+++ EXCERPTED RECORDS
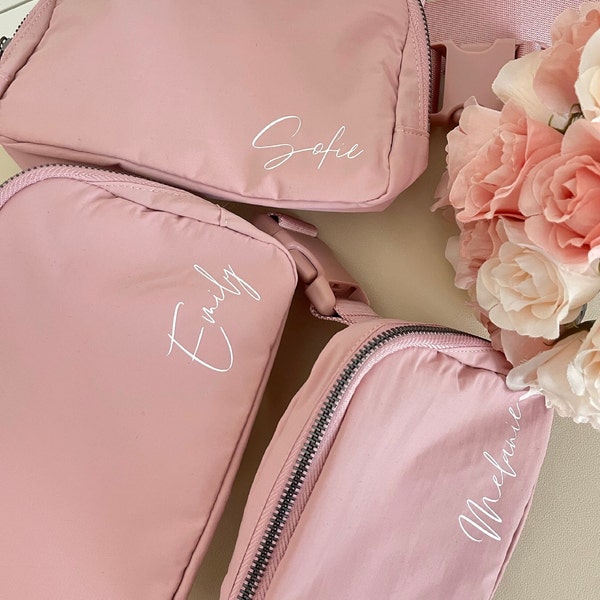 Personalized Bachelorette Fanny Pack, Custom Bridesmaid Belt Bag, Name Sling Bag, Bachelorette Party Favors, Crossbody Waist Bag Gift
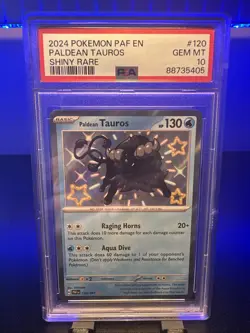 Pokemon TCG 2024 Paldean Tauros #120/091 Shiny Rare PSA 10 Paldean Fates - Image 1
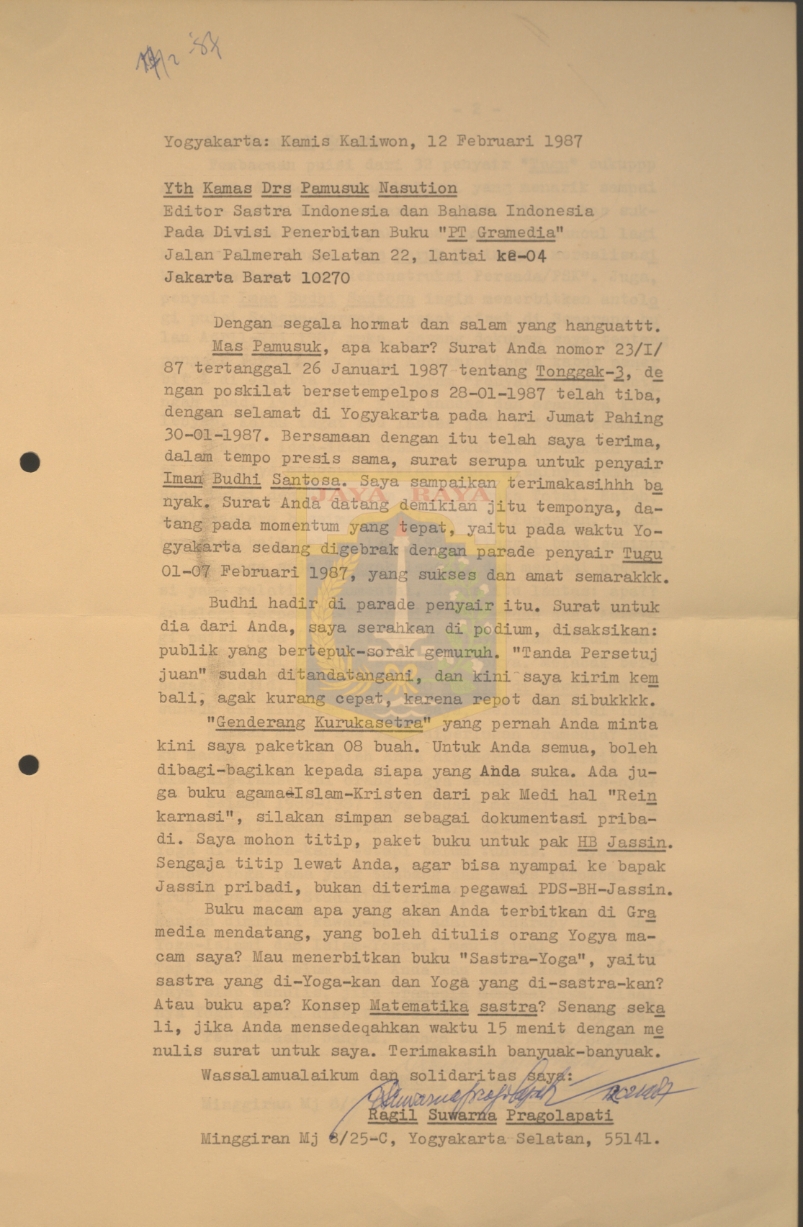 Kumpulan surat untuk Pamusuk Eneste dari Ragil Suwarna Pragolapati (11-12 Februari 1987)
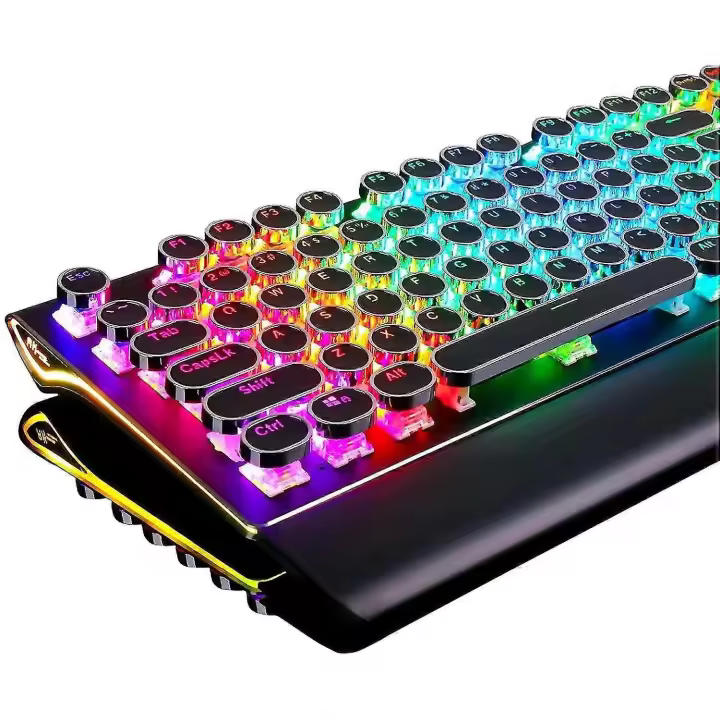 2025 New Typewriter Style Mechanical Gaming Keyboard With Real Rgb Backlit Foldable Wrist Rest 108-key - 1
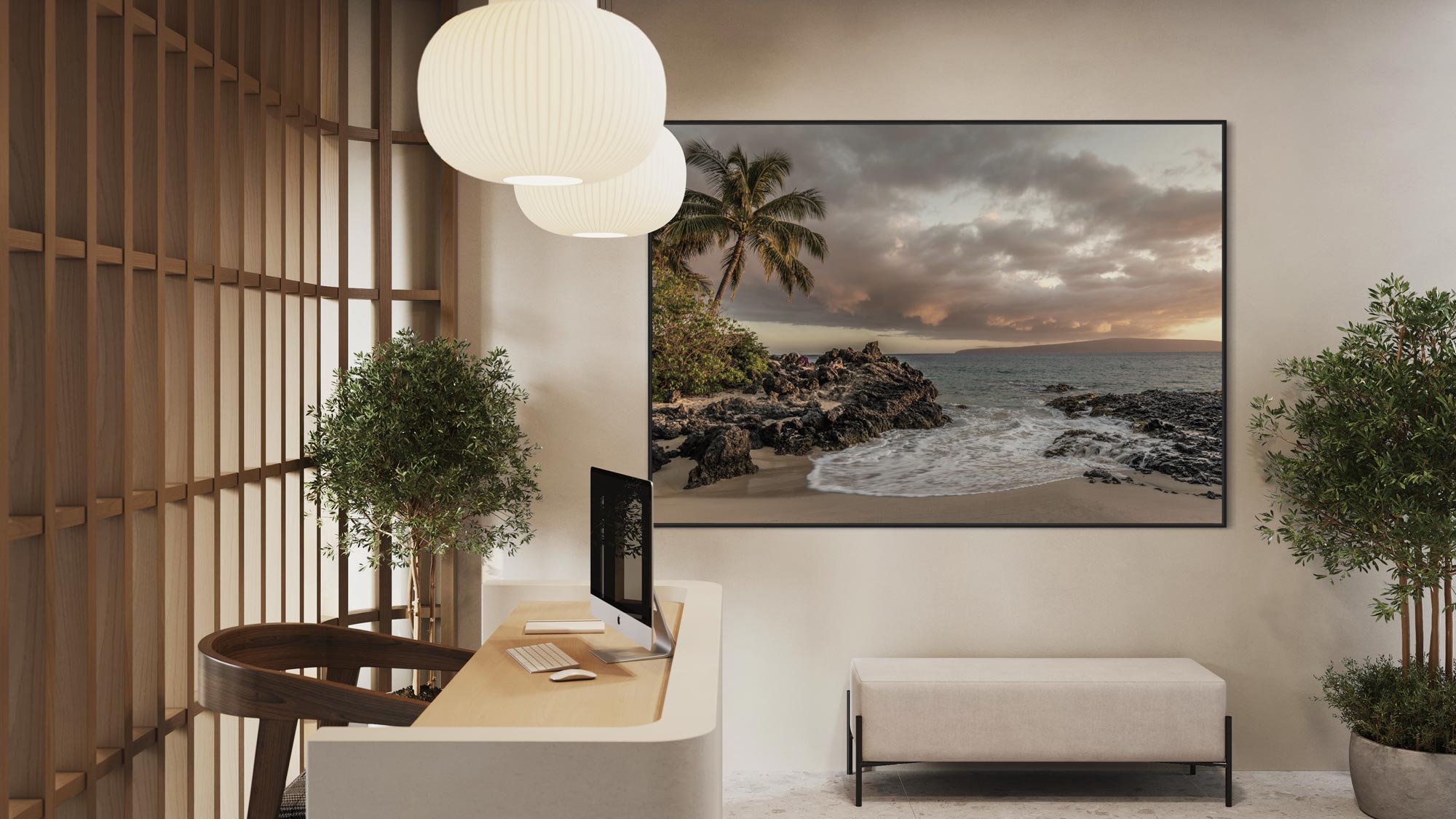 large framed canvas in a public reception area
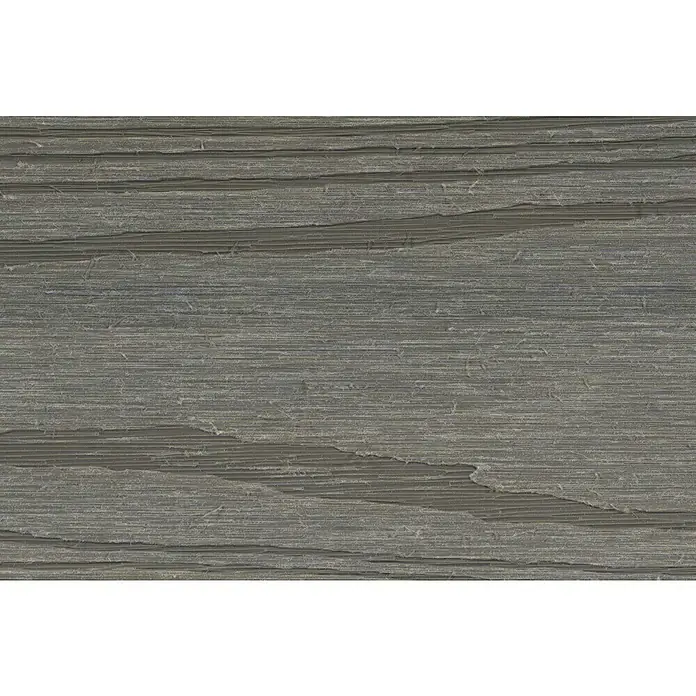 Elephant Terrassenbau-Set WPC strongWood - Walnuss/Vintage, Deckfläche pro Paket: 25 m² - Detailaufnahme einer grauen Holzoberfläche mit deutlichen Maserungen, ideal für Texturen und Hintergründe.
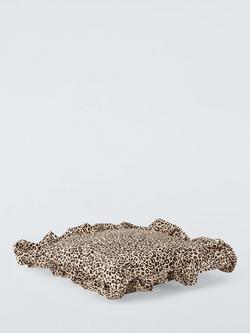 John Lewis Square Bengal Leopard Print Cushion, Brown - view 2, Brown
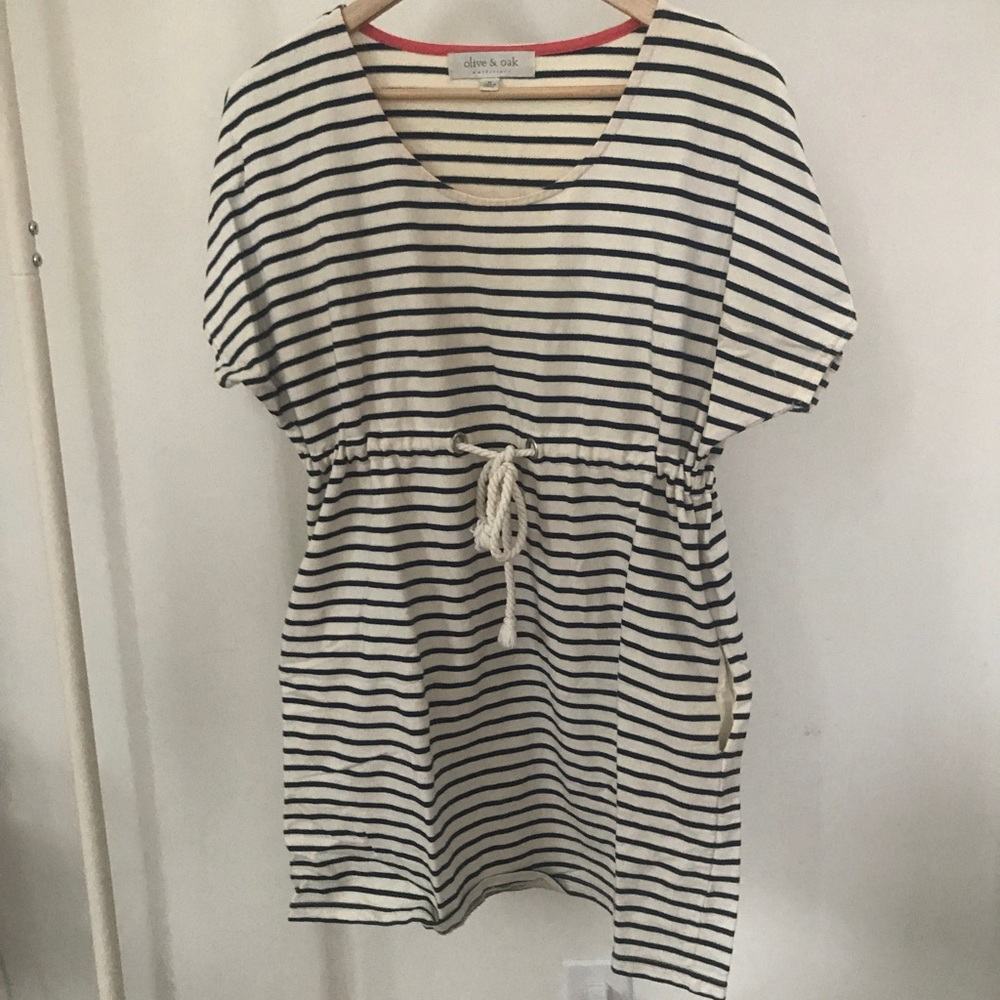 Anthro Navy Stripe Short Sleeve Dress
++++++
=== WHAT YOU HAVE TO DO ===
Set down each of the records precisely, leaving any pictures behind.

=== OUTPUT BELOW ===
 Personalized Bachelorette Fanny Pack, Custom Bridesmaid Belt Bag, Name Sling Bag, Bachelorette Party Favors, Crossbody Waist Bag Gift
 Pokemon TCG 2024 Paldean Tauros #120/091 Shiny Rare PSA 10 Paldean Fates - Image 1
 Kumpulan surat untuk Pamusuk Eneste dari Ragil Suwarna Pragolapati (11-12 Februari 1987)
 2025 New Typewriter Style Mechanical Gaming Keyboard With Real Rgb Backlit Foldable Wrist Rest 108-key - 1
 large framed canvas in a public reception area
 Elephant Terrassenbau-Set WPC strongWood - Walnuss/Vintage, Deckfläche pro Paket: 25 m² - Detailaufnahme einer grauen Holzoberfläche mit deutlichen Maserungen, ideal für Texturen und Hintergründe.
 John Lewis Square Bengal Leopard Print Cushion, Brown - view 2, Brown
 Anthro Navy Stripe Short Sleeve Dress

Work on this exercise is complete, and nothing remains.